The Gaon would hardly appear to be a candidate for leadership of any kind.  He was a reclusive, primarily self-taught scholar who held no communal position.  One of his few public campaigns was to denounce and urge the excommunication of the newly formed group called Hasidim.  Though revered by the Jews of his city and its environs, he conducted no classes and issued no publications or responsa.  Occasionally he imparted his views to visiting students; and the notes he scribbled in the margins of books, often cryptic and hard to decipher, were published after his death.  Members of his family said he almost never took time off from study to socialize with them or anyone else.

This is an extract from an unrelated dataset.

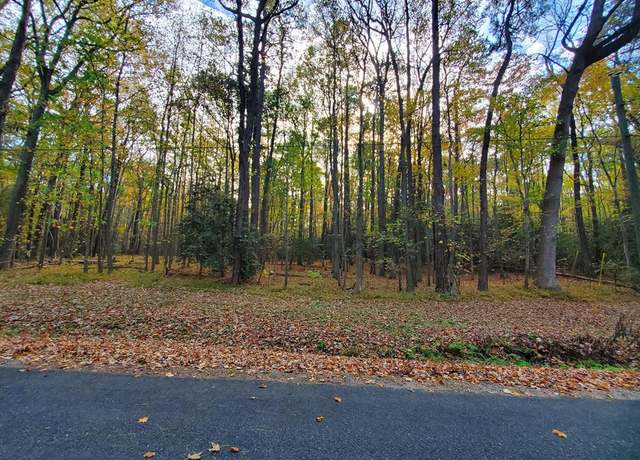 Property at 17 Cod Creek Dr, Heathsville, VA 22473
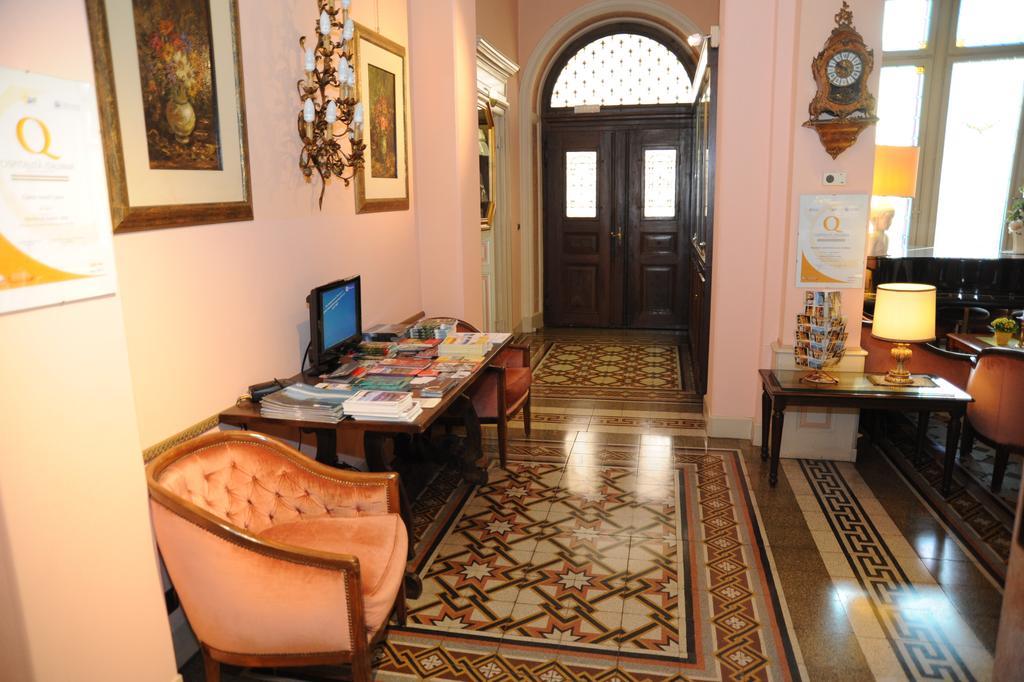 CAMIN HOTEL LUINO 18/30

Stern makes his case for the Gaon by setting up unique criteria of modernity for regions heavily populated by Jews.  Mendelssohn, he argues, spoke for and to a Jewish minority; hence, making Judaism modern meant reformulating it as rational and unthreatening to Christians and urging the Jews to westernize so that they might fit into the body politic.  In Vilna, however, Jews constituted a majority of the population, and neither Rabbi Elijah nor other Jews cared very much what the locals thought of them.  In East Europe generally, the Jews remained separate and apart.  Their modernization would not come via rapprochement with the neighbors.   

Stern claims that East European Jews developed a modern consciousness through an intertwined series of social changes: “the differentiation between public and private spheres, the weakening of religious governing structures, and the democratization of knowledge in Jewish society.”  Coming soon after the Polish government’s dissolution of the Council of Four Lands, which had functioned as the coordinating body for Jewish life in Poland for close to two centuries, the Gaon’s legendary life of solitary, unstinting pursuit of knowledge, unconnected to any communal institution, was an embodiment of this new social reality and, as such, was indelibly etched on the cultural consciousness of East European Jews as an ideal for emulation.

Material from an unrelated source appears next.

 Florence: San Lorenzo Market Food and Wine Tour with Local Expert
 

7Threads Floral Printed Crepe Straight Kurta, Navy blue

Stern believes that all subsequent innovative Jewish trends emanating from Eastern Europe ultimately flow from the Gaon’s individualistic and nonconformist persona.  Such trends include the new-style yeshiva that one of his students set up in Volozhin in 1804, which became the prototype for the “Lithuanian” yeshivot today; the Mussar pietistic-ethical movement; Zionism; and Jewish socialism and radicalism.  Stretching hyperbole to its limit, Stern even credits the Gaon for the lifestyle of “those residents of Tel Aviv and New York who live as if they are majorities.”

There are substantial problems with Stern’s thesis.  Can the Vilna Gaon, who wholeheartedly backed the persecution of Hasidim, seriously be associated with individualism and democratization?  Can he be designated the source of the modernization of East European Jews when a majority of them—those same Hasidim—justifiably viewed him as their nemesis?  Even for the opponents of Hasidism who shared the Gaon’s insatiable thirst for Talmud study, his long-term impact has been questioned by historians Shaul Stampfer and Immanuel Etkes, the two leading authorities on the subject.

Stern’s arguments for the Gaon’s influence, meant to designate him as the Mendelssohn of Eastern Europe, are not necessarily dispositive or even reliable.  For example, Stern claims that students in Lithuanian yeshivot were “engrossed” in the Gaon’s glosses to the Shulhan Arukh, the code of Jewish law, when in fact it was the Talmud, not the Shulhan Arukh, that was studied in yeshivot.  Stern also cites Michael Stanislawski’s Tsar Nicholas I and the Jews to the effect that students in the Russian government-sponsored Jewish school in mid-19th-century Vilna “read the Gaon’s commentary to the Bible.”  What Stanislawski actually wrote is that they studied the Bible with Mendelssohn’s commentary, in an edition that also included a digest of other interpretations, one of which was the Gaon’s.

In Immanuel Etkes’ words, the Vilna Gaon’s reputation rests simply on his “exceptional accomplishment in Torah studies,” for which he became a “symbol and source of inspiration.”  Despite Stern’s best efforts to prove otherwise, Rabbi Elijah was no herald of modernity.

Lawrence Grossman, director of publications at the American Jewish Committee, edited the American Jewish Year Book from 2000 to 2008.